**ABOUT THIS EXERCISE:** An exact copy of the listing below is the answer, with the pictures removed.

**PROVIDED DATA:**
=== Section Start ===

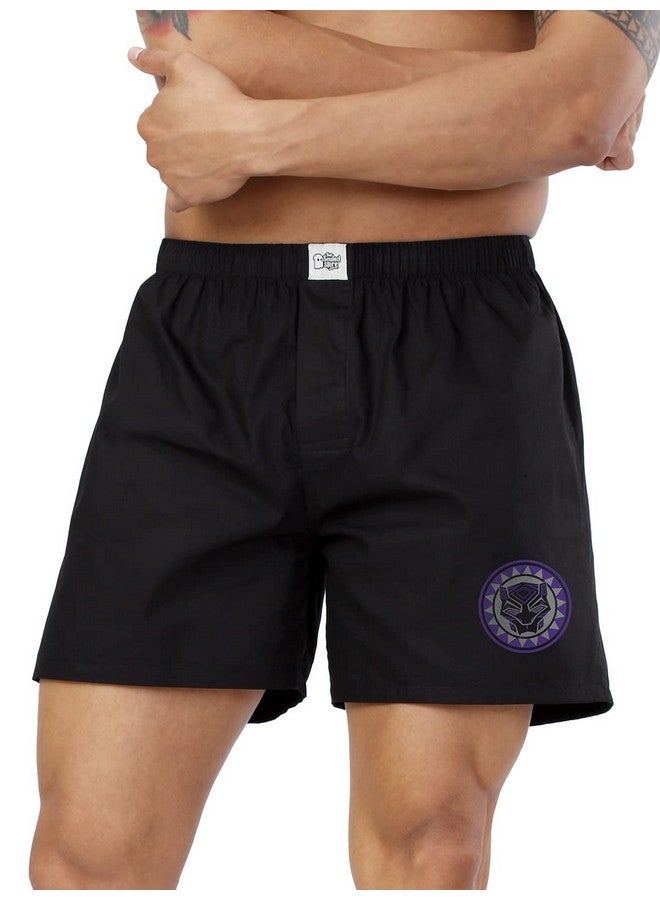 The Souled Store Men Official Black Panther: Panther Power Black Printed Boxer Shorts L - Image 1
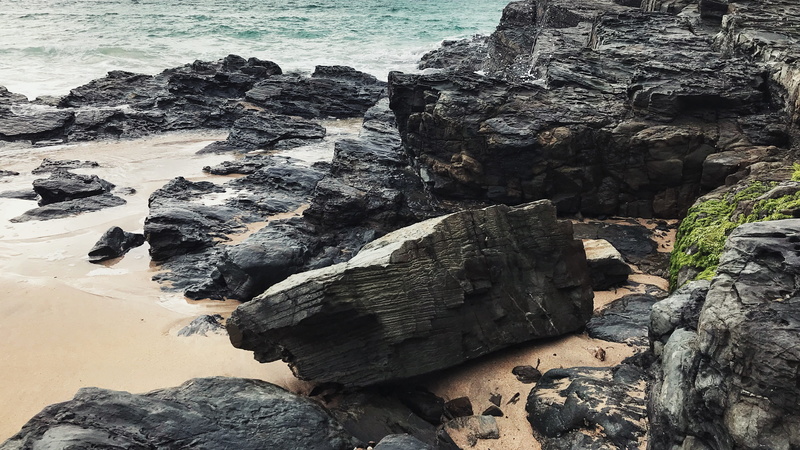 no people, tranquility, day, solid, cornwall, rock formation, shoreline, land, rocky coastline, united kingdom, motion, ocean, 2K, outdoors, s w coast path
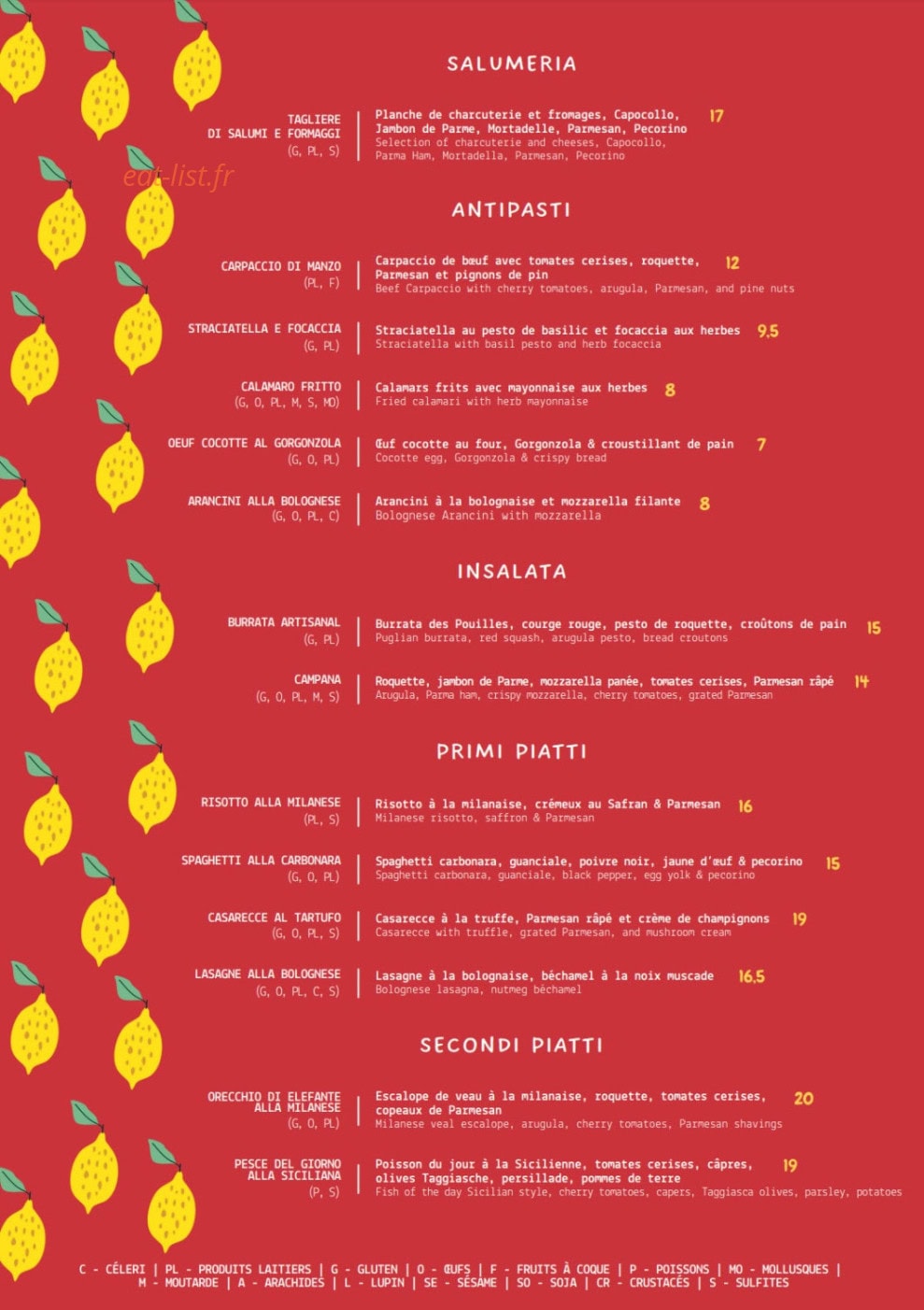 Zita Trattoria — carte page 1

=== Section End ===

**RESULT FOR THIS EXERCISE:**
 The Souled Store Men Official Black Panther: Panther Power Black Printed Boxer Shorts L - Image 1
 no people, tranquility, day, solid, cornwall, rock formation, shoreline, land, rocky coastline, united kingdom, motion, ocean, 2K, outdoors, s w coast path
 Zita Trattoria — carte page 1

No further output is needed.